(Host) Last week, there was a political uproar over the disclosure of underground pipes at Vermont Yankee and rising levels of tritium in monitoring wells.
State regulators were apparently misled about the existence of the underground pipes.
And now, a lot of people are examining the record to see what Yankee said.
VPR’s John Dillon reports:
(Dillon) Up until last week, Entergy Vermont Yankee had insisted that the plant did not have underground pipes that carry radioactive material.
The issue came up as Entergy Vice President Jay Thayer testified under oath last May at the Public Service Board. With Thayer on the stand, lawyer John Cotter for the Department of Public Service asked:
(Cotter) "Does Vermont Yankee have any underground piping that carries radionuclides?"
(Dillon) Thayer paused for a full 12 seconds as he contemplated his answer.
(Thayer) "The reason I hesitate is I don’t believe there is active piping in service today carrying radionuclides underground."
(Dillon) Thayer went on to say that he was aware of an old underground piping system – but he said that said it was no longer in use. Thayer now says he made a mistake on two counts. The plant does have underground pipes in active use, and he says he failed to get back to the board with the correct information.
(Thayer) "I told them incorrect information, and I feel bad about that."
(Dillon) But Thayer and other Entergy officials say that a consulting firm hired by the state to study Vermont Yankee was told about the pipes.
(Thayer) "We find that in our records, that we did turn that over to them."

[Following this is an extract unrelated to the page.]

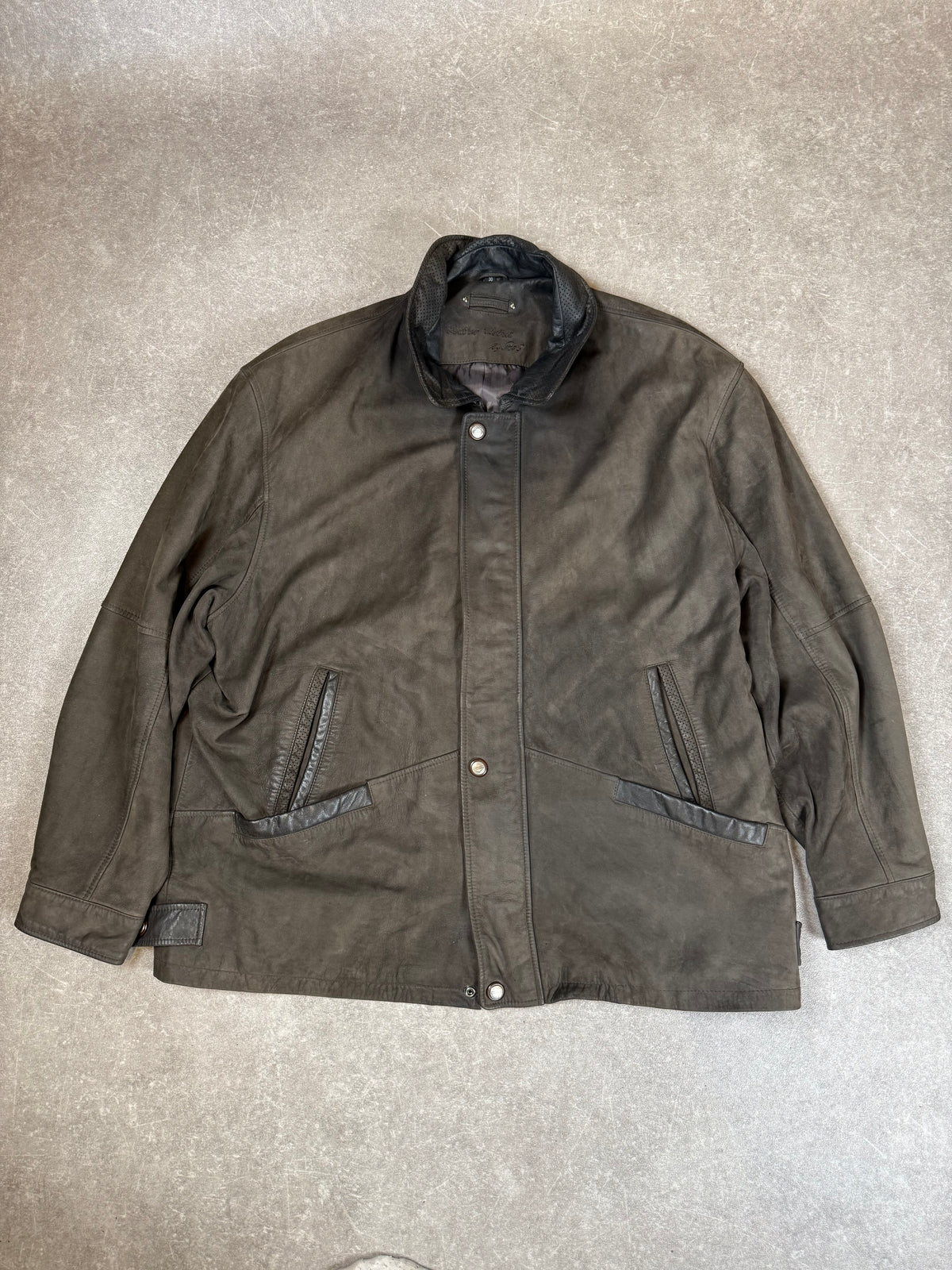 Leather Deluxe by P&G Herren Lederjacke Gr. 30 – Echtleder Braun Vintage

(Dillon) But that’s not exactly how Arnie Gundersen remembers it. He’s a nuclear expert and member of a legislative oversight panel on Yankee. Gundersen said Entergy was specifically asked in 2008 if it had underground pipes containing radioactivity. The answer was no, so the state’s consultants were directed not to look any further. Gundersen has a chain of emails dating back to 2008 showing that the pipe question came up several times.
(Gundersen) "They had numerous opportunities to correct the record, from October of 2008 to December 2008 to March of 2009 to the summer of 2009 to the fall of 2009, and they didn’t. It was only when the pipes started to leak that they decided to correct the record."
(Dillon) Gundersen said if the pipes are leaking, it could cost more to clean up the site and decommission the plant.
Entergy Vermont Yankee spokesman Rob Williams says the monitoring well – located about 30 feet from the Connecticut River – was tested again late last week. It showed a level of close to 20,000 picocuries per liter. An earlier test had indicated a level of 17,000 picocuries. The number refers to the amount of radioactivity being emitted. Williams said that despite the higher level, the radiation does not seem to be increasing.
(Williams) "Essentially, those two readings – 17,000 to 20,000 – those are in the ballpark where you could say it’s essentially stable at this point."
(Dillon) The tritium indicates that the groundwater near the well is contaminated.
It’s also of concern because it could mean that underground pipes are leaking.
For VPR News, I’m John Dillon in Montpelier.